SOBS PERFORMANCE Deals with govt only in paper

The much-hyped annual agreements aimed at improving performance of scam-hit state-owned commercial banks have remained mere paper works, with poor recovery of rising defaulted loan.
Officials have said Financial Institutions Division has been giving more than a dozen of targets to Sonali, Janata, Rupali and BASIC banks every year since the annual performance agreement system was introduced in 2015-2016.
Recovering defaulted loans, reducing loss-making branches, making higher profit and increasing savings are among the 15 targets, they say, adding that the banks have already been given the targets for the new fiscal 2018-19, this time without a formal ceremony.
Experts find no major improvements in the overall performance of the state-owned commercial banks, which they attribute to absence of effective monitoring of the agreement, particularly in recovering the defaulted loans.
Former Bangladesh Bank deputy governor Ibrahim Khaled told New Age on Saturday that although the targets looked good, the agreements were ineffective mainly for lack of monitoring.
Besides, many loans given on political consideration in the current and previous tenures of the present government became sour and thus fattened the size of defaulted loan.
According to the annual publication of Financial Institutions Division released in June, the defaulted loan of BASIC Bank, once a profitable one, has grown to Tk 8380.9 crore until this March from Tk 7,598.9 crore in December 2017.
The amount was Tk 7300.6 crore in December 2016 despite receiving bailout funds of Tk 3,390 crore in four tranches from the government to meet the bank’s capital shortfall caused by shady loans of over Tk 6,000 crore given during the tenure of its previous board, led by its chairman Sheikh Abdul Hye Bacchu between 2009 and 2014.
The defaulted loan of Sonali, which failed to recover a single penny of Tk 3,500 crore gulped by little known Hallmark Group in 2013, hit Tk 11,000 crore until this March while the amount was Tk 10,911 in January 2017.
Janata, facing loan scam of over Tk 5,000 crore extended to little known AnonTex Group, has been burdened with defaulted loan of Tk 7,441 crore until March, which was Tk 5,819 crore in December 2017. 
Because of poor recovery of the bad loans, the amount of defaulted loans in the state-owned banks stood at Tk 55,095 crore in January this year which was Tk 41399.70 until March 2017, revealed finance minister AMA Muhith in parliament on April 13. 
Asked if the annual performance agreements were ineffective, Financial Institutions Division secretary Eunusur Rahman answered in the negative.
He said the annual performance agreements made the bankers aware of the situation.
He hoped that it would take at least two more years for the agreements to yield positive impacts.
Eunusur, however, admitted that the government was facing a lot of criticism because of the growing bad loan in the state-owned banks.
Former caretaker government adviser Mirza Azizul Islam said growing defaulted loan eroded people’s confidence in banking system, squeezed banks’ income, pushed up interest rate and led to aggressive lending to undeserving borrowers.
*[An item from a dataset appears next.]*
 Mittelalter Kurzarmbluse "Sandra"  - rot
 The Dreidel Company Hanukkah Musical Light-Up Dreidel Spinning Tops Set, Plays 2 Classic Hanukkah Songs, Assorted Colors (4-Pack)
The adverse impacts were already visible with the government struggling to make the bankers agree to reduce the lending below the double digit mark, he said.
Bangladesh Bank has been signing memorandum of understanding every year with the state-owned banks much before the introduction of the annual performance agreements.
But the BB’s MoUs with the state-owned commercial banks faced criticism amid degradation of the banking sector that according to local think-tank Centre for Policy Dialogue and economists could be addressed with the formation of a commission.
But the government has ruled out establishment of the commission.